* _TASK ITEM_:
Return the records below character for character.

Data excerpts:
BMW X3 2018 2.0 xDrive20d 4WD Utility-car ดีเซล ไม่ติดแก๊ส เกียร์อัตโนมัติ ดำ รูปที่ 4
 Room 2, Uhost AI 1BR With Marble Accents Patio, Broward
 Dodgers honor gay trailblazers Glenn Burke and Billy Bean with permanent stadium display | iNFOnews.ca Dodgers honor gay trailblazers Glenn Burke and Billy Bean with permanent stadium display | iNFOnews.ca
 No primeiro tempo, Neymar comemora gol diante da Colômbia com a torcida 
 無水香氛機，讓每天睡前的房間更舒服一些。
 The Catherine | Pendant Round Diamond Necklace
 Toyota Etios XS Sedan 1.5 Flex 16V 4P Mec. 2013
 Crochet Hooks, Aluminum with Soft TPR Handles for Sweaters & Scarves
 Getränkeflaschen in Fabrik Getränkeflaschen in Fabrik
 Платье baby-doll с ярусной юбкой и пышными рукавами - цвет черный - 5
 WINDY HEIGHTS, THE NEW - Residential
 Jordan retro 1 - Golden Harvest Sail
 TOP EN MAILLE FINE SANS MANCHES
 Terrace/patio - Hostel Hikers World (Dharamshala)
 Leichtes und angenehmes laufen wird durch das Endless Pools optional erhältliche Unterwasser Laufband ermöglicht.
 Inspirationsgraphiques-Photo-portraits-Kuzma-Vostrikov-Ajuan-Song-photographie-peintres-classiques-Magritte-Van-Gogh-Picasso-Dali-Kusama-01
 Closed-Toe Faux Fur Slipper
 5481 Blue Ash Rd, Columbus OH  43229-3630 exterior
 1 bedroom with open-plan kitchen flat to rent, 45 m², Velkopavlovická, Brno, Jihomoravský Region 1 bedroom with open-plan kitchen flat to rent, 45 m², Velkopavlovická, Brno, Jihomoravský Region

* _RESULT_:
BMW X3 2018 2.0 xDrive20d 4WD Utility-car ดีเซล ไม่ติดแก๊ส เกียร์อัตโนมัติ ดำ รูปที่ 4
 Room 2, Uhost AI 1BR With Marble Accents Patio, Broward
 Dodgers honor gay trailblazers Glenn Burke and Billy Bean with permanent stadium display | iNFOnews.ca Dodgers honor gay trailblazers Glenn Burke and Billy Bean with permanent stadium display | iNFOnews.ca
 No primeiro tempo, Neymar comemora gol diante da Colômbia com a torcida 
 無水香氛機，讓每天睡前的房間更舒服一些。
 The Catherine | Pendant Round Diamond Necklace
 Toyota Etios XS Sedan 1.5 Flex 16V 4P Mec. 2013
 Crochet Hooks, Aluminum with Soft TPR Handles for Sweaters & Scarves
 Getränkeflaschen in Fabrik Getränkeflaschen in Fabrik
 Платье baby-doll с ярусной юбкой и пышными рукавами - цвет черный - 5
 WINDY HEIGHTS, THE NEW - Residential
 Jordan retro 1 - Golden Harvest Sail
 TOP EN MAILLE FINE SANS MANCHES
 Terrace/patio - Hostel Hikers World (Dharamshala)
 Leichtes und angenehmes laufen wird durch das Endless Pools optional erhältliche Unterwasser Laufband ermöglicht.
 Inspirationsgraphiques-Photo-portraits-Kuzma-Vostrikov-Ajuan-Song-photographie-peintres-classiques-Magritte-Van-Gogh-Picasso-Dali-Kusama-01
 Closed-Toe Faux Fur Slipper
 5481 Blue Ash Rd, Columbus OH  43229-3630 exterior
 1 bedroom with open-plan kitchen flat to rent, 45 m², Velkopavlovická, Brno, Jihomoravský Region 1 bedroom with open-plan kitchen flat to rent, 45 m², Velkopavlovická, Brno, Jihomoravský Region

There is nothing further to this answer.